--- DATASET EXTRACT ---

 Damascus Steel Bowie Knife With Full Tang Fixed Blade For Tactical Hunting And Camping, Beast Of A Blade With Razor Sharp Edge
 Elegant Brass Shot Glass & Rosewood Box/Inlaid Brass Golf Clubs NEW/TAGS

---
--- DATASET EXTRACT ---

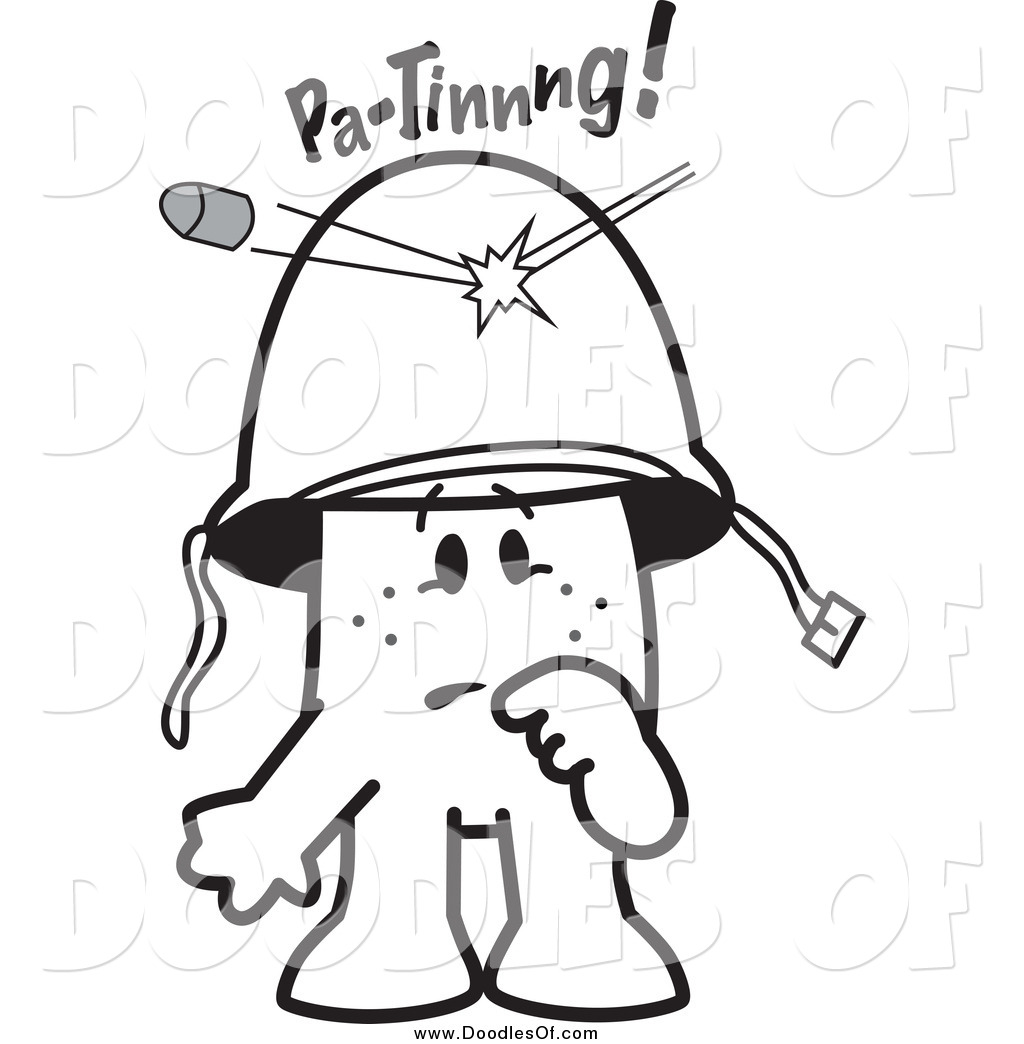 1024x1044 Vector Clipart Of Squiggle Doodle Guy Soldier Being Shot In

---
--- DATASET EXTRACT ---

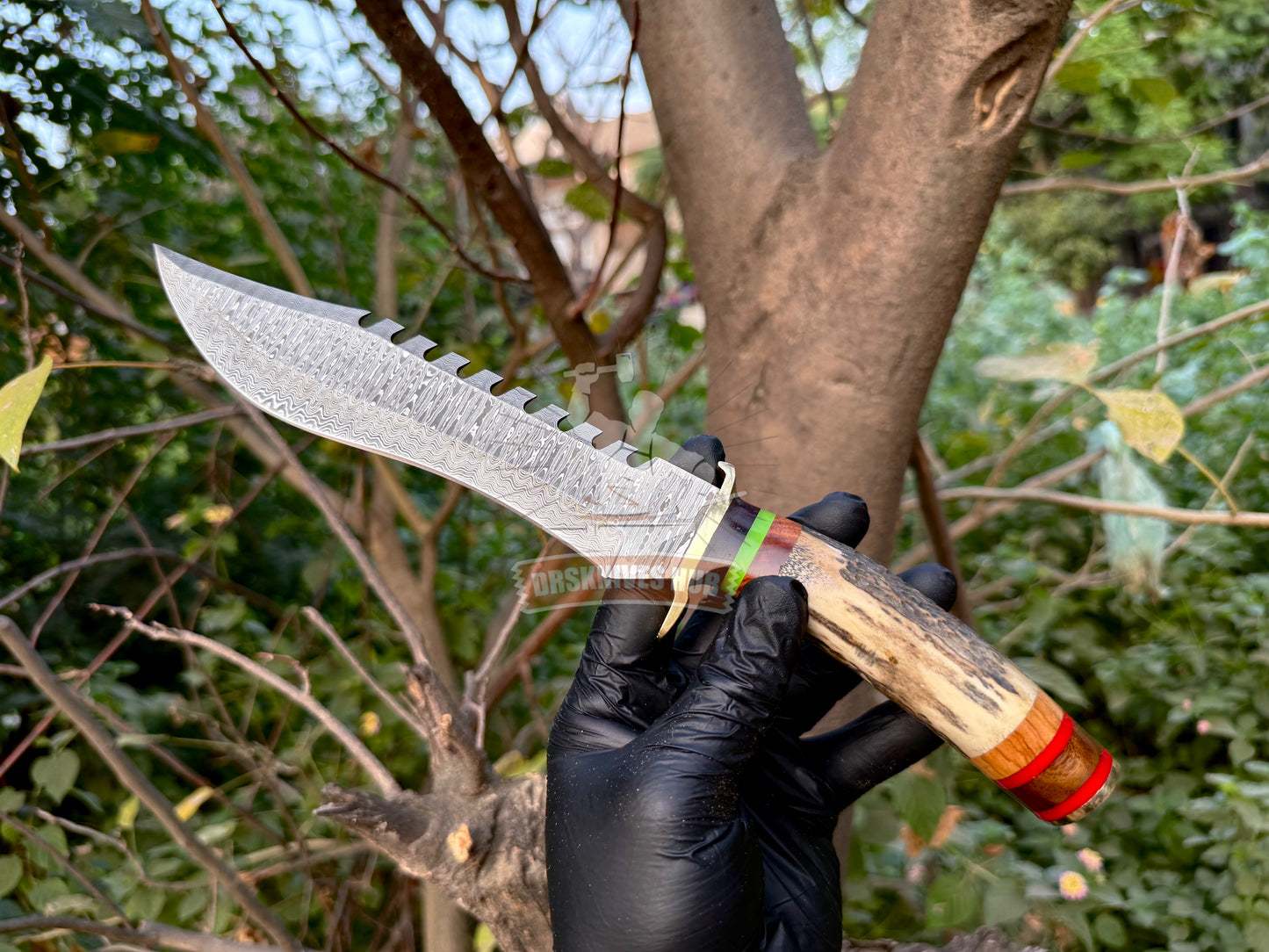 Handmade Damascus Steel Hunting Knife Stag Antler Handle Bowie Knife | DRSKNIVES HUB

---

- [WHAT YOU WILL DO] The lines above from the one containing "Damascus Steel Bowie" through the one containing "Elegant Brass Shot" are to be set down exactly, and no others.

- [ANSWER SECTION]
 Damascus Steel Bowie Knife With Full Tang Fixed Blade For Tactical Hunting And Camping, Beast Of A Blade With Razor Sharp Edge
 Elegant Brass Shot Glass & Rosewood Box/Inlaid Brass Golf Clubs NEW/TAGS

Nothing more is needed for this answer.